# Haus2 - new Hausgrind on the way?



## slamm (Nov 26, 2016)

Ok lets get this rumour started...









I could be wrong.. but in this photo of the Feld2 I think Peter might be dropping a sneaky blurred hint that another grinder is on the way. In the background there is what I'm pretty sure is a dial from a Hausgrind attached to an integrated lid/ crank arm assembly, as used on the Feld2. Would make good sense if it can be done as it seems pop-corninig has always been a bit of an issue with the Haus having no lid.

So maybe Peter is planning the same solution for the Haus, and a Haus2 is coming with a similar type of lid/crank arm..

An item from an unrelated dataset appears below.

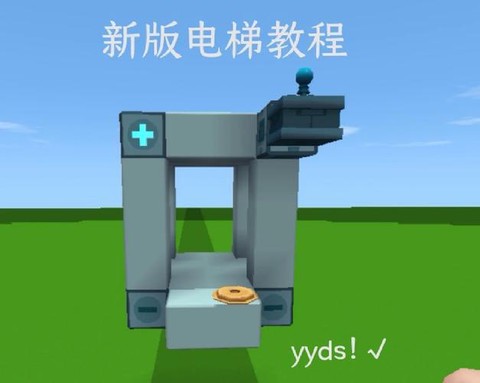 迷你世界里怎么做电梯[图2]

Or better still.. maybe this will be an entirely new grinder, maybe with larger burrs..


----------



## Stanic (Dec 12, 2015)

good thinking! I'm holding my breath for bigger burr haus2









it could also be just a cover for the unsightly hole in the middle providing point of reference for grind setting, and lid with a different surface finish - you can see the white numbers on it


----------



## slamm (Nov 26, 2016)

Stanic said:


> good thinking! I'm holding my breath for bigger burr haus2
> 
> 
> 
> ...


Well spotted, I didn't see the numbers so you could be right.. hope not!

The top of the Feld2 does look a bit unfinished in this photo so maybe there will be some kind of cover and he was trying out a spare Haus dial or something. Does look a bit deliberate though to put something similar in the background but a bit different and nicely out of focus, seems designed to intrigue.

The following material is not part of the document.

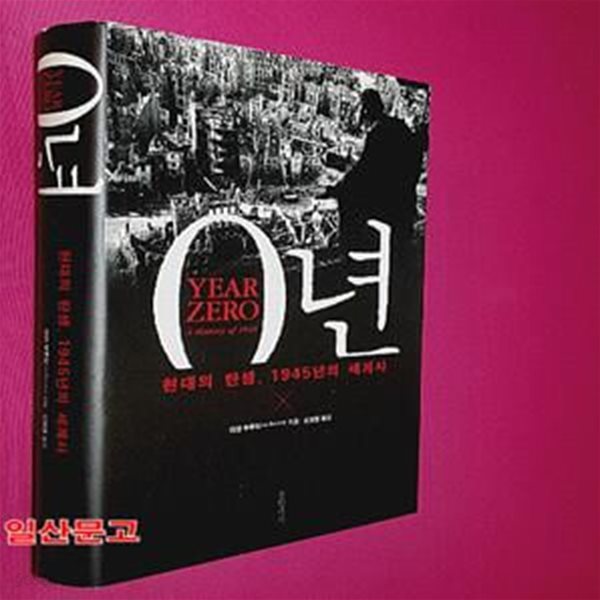 0년 (현대의 탄생, 1945년의 세계사,Year Zero A History of 1945)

Either way I imagine a bigger burr grinder must be on the cards at some stage, I would be surprised if it's not part of his plans.


----------



## Fyoosh (Oct 30, 2017)

Bad news for those hoping for a new Hausgrind, great news for those (me) going for the new Feldgrind. Mystery solved?


----------



## slamm (Nov 26, 2016)

Ah that makes sense.. nice one bob_. An integrated lid/ crank still seems a likely solution for a Haus2 , sooner or later..


----------